A Sensorimotor Psychotherapy visit begins just like any other talk-therapy session: with the client's "story." It might be a story about last night's dream, a childhood memory, or the description of a problem, disappointment, or hurt in the client's current life. However, the therapist listens not just to the narrative and emotions, but also to the body, observing carefully the somatic language accompanying the language of words. Changes in posture, gesture, breathing, face color, stillness vs. agitation, stiffness vs. floppiness or heaviness—all these changes tell us about the client and the story.
At her first visit, Andrea describes her need to put others' wishes ahead of her own and her fear of displeasing people—a circumstance that's brought her to psychotherapy. As she tells the story of her attempts to create a more self-directed, meaningful life for herself and the obstacles that defeat her time after time, I'm tracking her body and my own. I observe the details of her physical and verbal presentation, looking for recurring patterns. I notice that her body is stiff and still. Her hands are folded in her lap, and her arms are held close to her torso. The only movement she makes is a sweeping gesture with her left arm each time she talks about a freer, more independent future. As she describes "folding" whenever her desires get blocked by some obstacle, her arm comes in, and her hand makes a pushing-down gesture.

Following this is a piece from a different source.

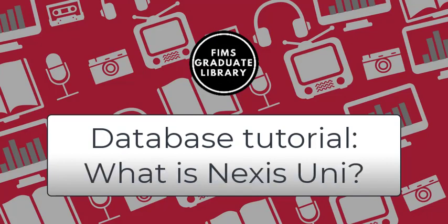Before we get into how to use Nexis Uni, what exactly is Nexis Uni? As per the database's about section on their website, Nexis Uni or LexisNexis Legal and Professional is a leading global provider of legal, regulatory,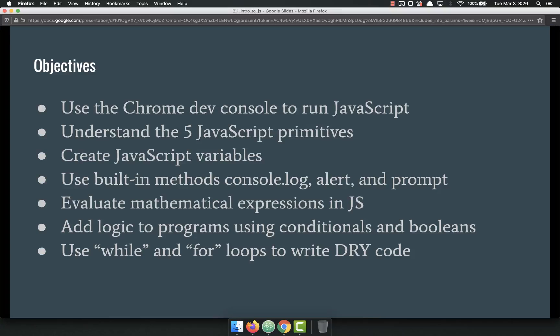We're also going to learn about two of the loops in JavaScript: the while loop and the for loop, and we're going to use those to write DRY code. DRY stands for Don't Repeat Yourself, so we're going to use while and for loops to reduce the amount of code we actually have to write and yet still get the job done.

As I see those movements, I notice a feeling of excitement in my own body. I lean forward, wanting to interrupt a monologue that drains her energy and mine. But she doesn't pause for breath. As I try and fail to create dialogue, I begin to feel a resignation in my body, like a balloon deflating. My body is giving up in the face of the "wall of words" she's creating. Finally, she pauses long enough for my energy to come back, though in a more thoughtful way. I find myself speaking to her in a slow, soft tone, as if talking to a frightened animal.
"Andrea, I want to share something wonderful that I saw as you were telling me about these frustrating experiences," I tell her. "I notice that each time you talk about what you want to do, your arm makes this movement, and every time you talk about what you have to do, your body becomes very still." She looks at her left arm for a moment, as if discovering it for the first time, and then says, "Yes, when I think about everything I want to do, I get excited." And, suddenly, she smiles broadly, leans forward, and opens up both arms wide as if reaching out. Her face lights up, her spine lengthens, and she begins to sway as if to music. I mirror her movements so we are facing each other, swaying, with our arms outstretched. We're smiling and laughing. I say, "Yes, I can see your excitement! You come alive, don't you?" Her monologue is now a dialogue, but a somatic one. As sessions proceed, I notice a consistent pattern: verbal dialogue is cut off by the "wall of words," but somatic dialogue brings Andrea alive and into relationship.